Although only appearing in 9 games in his first season, he pitched in 36, 22, and 31 games over the next 3 seasons, so he wasn’t the typical bonus baby who sat on the bench for his minimum required time and then went to the minors for some needed “seasoning”. Moe was 13-15 for the Cubs in 1957, and led the staff in starts, innings pitched, ERA, and strikeouts.

In 1958 his record slipped to 9-11, but he still led the starting pitchers in wins with that paltry number. The following season his record slipped even further to 5-10.

Drabowsky pitched most of the 1960 season out of the Cubs’ bullpen, but also found himself down with the Cubs’ AAA team in Houston for much of July.

The following pre-season he was traded to the Braves for shortstop Andre Rogers. Moe manned the Braves’ bullpen until mid-June 1961, when he was demoted to AAA for the 2nd consecutive season.

After the season, the Reds picked him up in the Rule 5 draft. After several months as a Reds’ starter in 1962 he was purchased by the Kansas City Athletics, and flipped back and forth from the rotation to the bullpen for the next 2+ seasons. He also spent part of the ’63 back in triple-A.

After making 5 starts at the beginning of the ’65 season, Moe was relegated to the bullpen until mid-June, then was sent to the minors for the remainder of the season. After the season he was purchased by the Cardinals, but a few weeks later was picked by the Orioles in the Rule 5 draft (his 2nd Rule 5 move).

Drabowsky (by this time strictly a reliever) pitched for the O’s for the next 3 seasons, and was the game 1 hero in the 1966 World Series.

Taking over for starter Dave McNally, Moe pitched a no-hitter over the last 6 2/3 innings while striking out 11 and picking up the win. The Orioles went on to sweep the Dodgers with shutouts in games 2, 3, and 4. He also led the team in saves in 1967, and compiled an ERA of 1.60 in ’67 and 1.91 in ‘68.

After the ’68 season, he was selected by the Kansas City Royals in the expansion draft (as was his O’s teammate Wally Bunker).

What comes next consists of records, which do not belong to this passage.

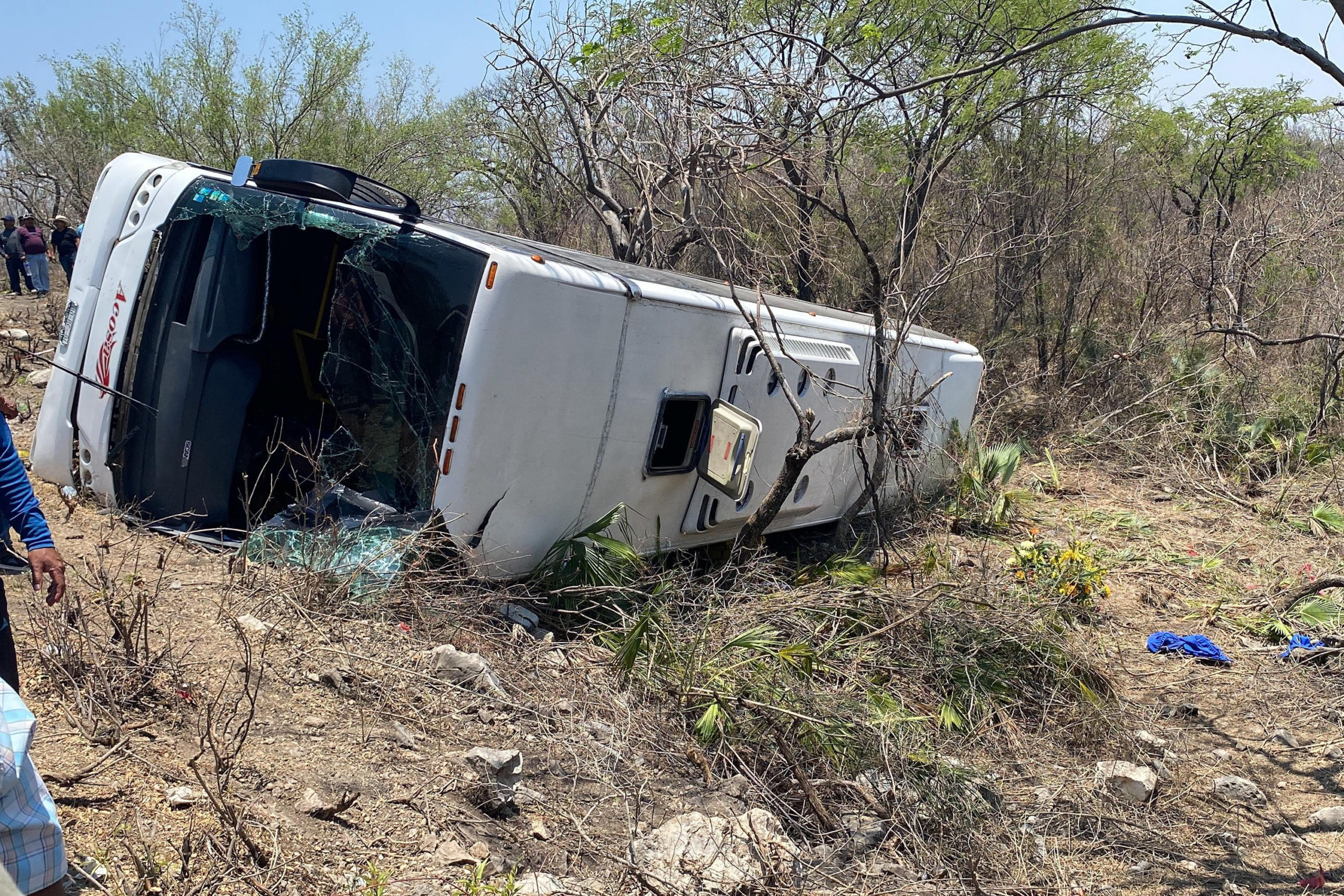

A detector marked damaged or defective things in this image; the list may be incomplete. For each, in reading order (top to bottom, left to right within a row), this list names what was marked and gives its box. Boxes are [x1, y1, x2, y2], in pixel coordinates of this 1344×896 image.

shattered windshield [153, 175, 487, 514]
overturned white bus [29, 151, 974, 575]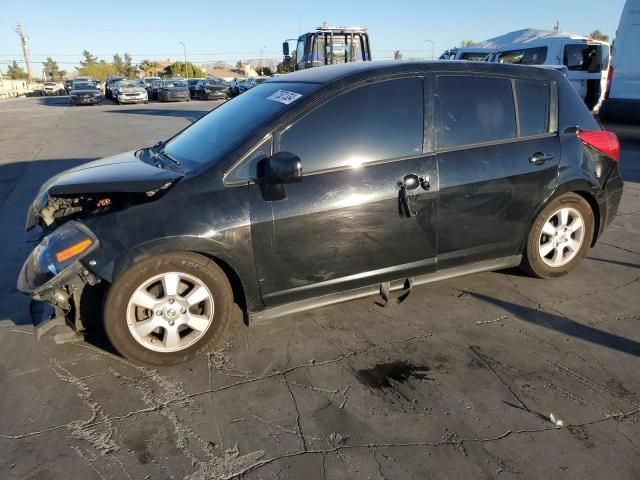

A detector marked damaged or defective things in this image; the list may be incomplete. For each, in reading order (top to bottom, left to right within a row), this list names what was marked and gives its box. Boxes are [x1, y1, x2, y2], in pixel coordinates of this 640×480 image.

bent hood [26, 152, 182, 231]
cracked asphalt [0, 95, 636, 478]
damaged black hatchback [17, 62, 624, 366]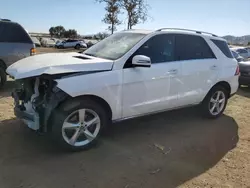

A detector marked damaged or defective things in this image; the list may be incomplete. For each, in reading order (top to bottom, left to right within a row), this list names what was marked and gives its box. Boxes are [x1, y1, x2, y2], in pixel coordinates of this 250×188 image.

crumpled hood [6, 52, 114, 79]
damaged front end [12, 75, 68, 132]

While Bunker led the upstart Royals in wins (12) and innings pitched, Drabowsky led in saves (11) and also won 11 games. Moe began the 1970 season with the Royals, but returned to the Orioles via trade in June.

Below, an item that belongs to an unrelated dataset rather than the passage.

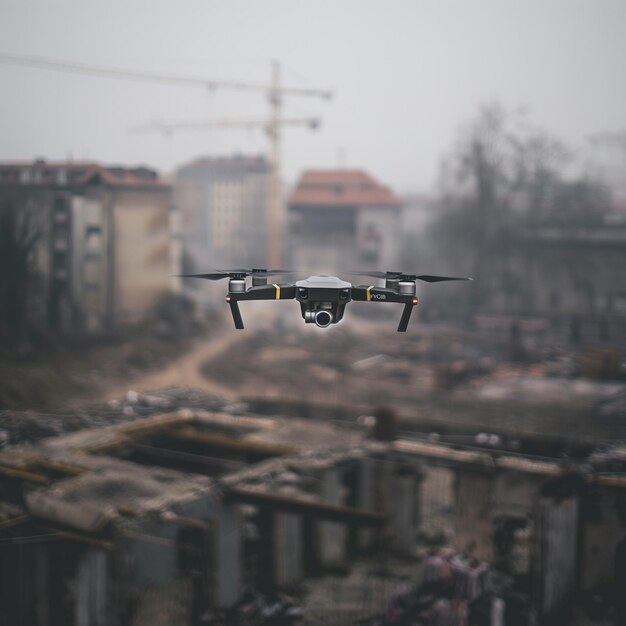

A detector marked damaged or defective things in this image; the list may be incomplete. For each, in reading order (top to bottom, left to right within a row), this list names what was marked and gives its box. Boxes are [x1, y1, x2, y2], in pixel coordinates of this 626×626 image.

His 2nd stop in Baltimore was a short one, as he moved on to the Cardinals after the season. He pitched a season and a half for St. Louis, then was released in early August 1972. A week later the White Sox picked him up but released him in October, ending his 17-year career.

Drabowsky passed away in 2006 at age 70.

Saturday, April 16, 2016

Brooks Robinson (#600)


Forty-nine years ago this month, I started collecting baseball cards. (I think I began when the 2nd or 3rd series of 1967 cards were in the stores, so I had to get the earlier cards through trades and "shooting" cards.) Anyway, by the end of that season I had collected every card in the first 6 series except the Cardinals Team card.

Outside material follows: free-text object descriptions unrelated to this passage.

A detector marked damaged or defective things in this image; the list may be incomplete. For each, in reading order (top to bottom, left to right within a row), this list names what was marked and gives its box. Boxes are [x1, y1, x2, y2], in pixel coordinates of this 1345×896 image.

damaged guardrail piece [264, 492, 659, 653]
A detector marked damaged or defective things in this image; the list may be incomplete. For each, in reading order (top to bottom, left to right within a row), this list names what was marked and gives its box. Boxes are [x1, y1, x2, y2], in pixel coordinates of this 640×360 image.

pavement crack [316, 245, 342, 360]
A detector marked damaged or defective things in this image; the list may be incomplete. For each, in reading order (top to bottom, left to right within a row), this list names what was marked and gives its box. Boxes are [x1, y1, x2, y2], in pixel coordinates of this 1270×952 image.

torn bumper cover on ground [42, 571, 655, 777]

The high-numbered 7th series wasn't sold in my area, so I didn't get any of them until visiting card stores and shows in the 1980s. In a year or so, I was able to get all but five of those high-numbers. Six years ago, I got the Maury Wills card, cutting my want list to four.

Today, I scored the hard-to-find Brooks Robinson card, at the same antique store where I picked up 100 or so 1965 cards last year, and also these Topps 1964 giant cards.

I have already posted my 1966 Brooks Robinson card here, so I won't re-hash his playing career. Just want to say "1 more down, 3 to go!"

While at that store, I also picked up these two Mickey Mantle cards, which I will feature on my '65 and '66 blogs at some point. These are 1996 reprints with Stadium Club-like cardstock, and are glossy on both sides. Even so, they will now take their place in my '65 and '66 binders, because there's little chance that I will get the originals.